Na apresentação do tema geral do Congresso, o engenheiro Teixeira Lopo não deixa de invocar o papel que é exigido aos engenheiros portugueses responsáveis pelo aproveitamento no plano científico e tecnológico da ocasião única proporcionada pela adesão, de intensificação das ligações quer entre centros de investigação e universidades portuguesas e comunitárias, quer na participação directa do País nos múltiplos projectos europeus de desenvolvimento científico e tecnológico (…)9. E mais à frente, a propósito do título de engenheiro europeu, referia a actividade que a FEANI vinha desenvolvendo no sentido de promover, de forma articulada com a Comissão Europeia, uma directiva para a profissão de engenheiro; não para competir com os títulos académicos atribuídos pelos vários estados membros, adiantava Teixeira Lopo, mas para marcar um título profissional que uma vez definido se deveria tornar extensivo a todos os estados da CEE, a todos os países em que as respectivas associações profissionais fossem membros daquela Federação10.

As conclusões do Congresso são bem o reflexo do tipo de preocupações com que se debatia a classe e do sentido de responsabilidade social assumida pelos engenheiros nos alvores da adesão às Comunidades.
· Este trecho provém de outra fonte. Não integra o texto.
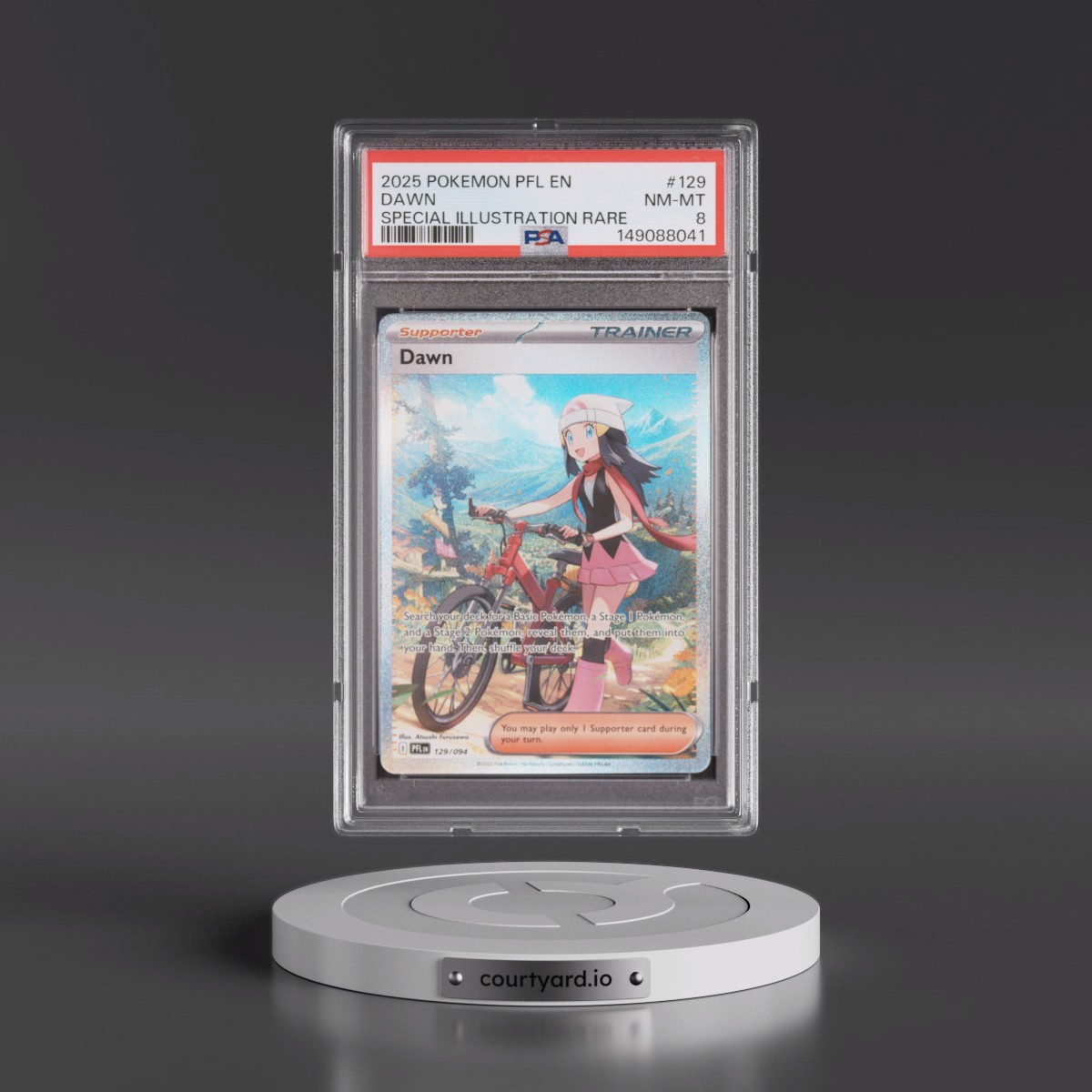 2025 Pokémon Pfl EN-Phantasmal Flames #129 Dawn - Special Illustration Rare (PSA 8 NM-MT)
Depois de terem procedido ao debate exaustivo dos problemas que se colocavam à engenharia portuguesa e de avaliar o impacto de índoles diversas que representará a inserção de uma sociedade periférica como a portuguesa, no ambiente vertiginoso das sociedades pós industriais do centro europeu, tiraram como conclusão a necessidade de proceder a um enorme esforço de adaptação e mudança de mentalidades que a adesão imporá11.
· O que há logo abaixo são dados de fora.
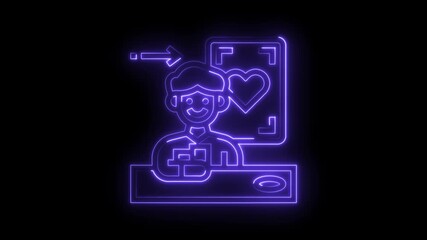 Neon style influencer with heart and attention arrow promoting digital engagement video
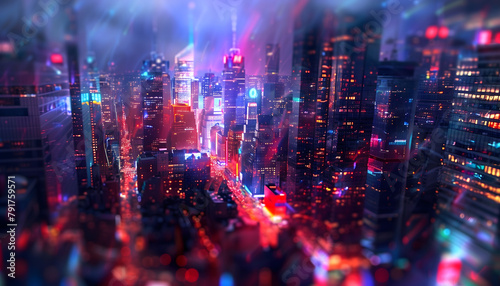 Tall skyscrapers and gleaming buildings rise into the darkened sky, their vibrant lights casting a dazzling array of colors. The city streets below are bustling with activity © Mathias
Em termos gerais, é interessante notar como ainda hoje, vinte anos passados, estas conclusões se mantêm actuais: as questões ligadas à inovação tecnológica e à competitividade; a necessidade de formação permanente; as perspectivas que se abriam tendo em conta a existência de programas de acção comunitários de desenvolvimento; as preocupações cada vez mais prementes com a qualidade; as perspectivas que se abriam aos novos engenheiros e, como remate, mais que a afirmação, a convicção de que o papel da engenharia portuguesa é de primacial importância na correcção do desfasamento económico existente12.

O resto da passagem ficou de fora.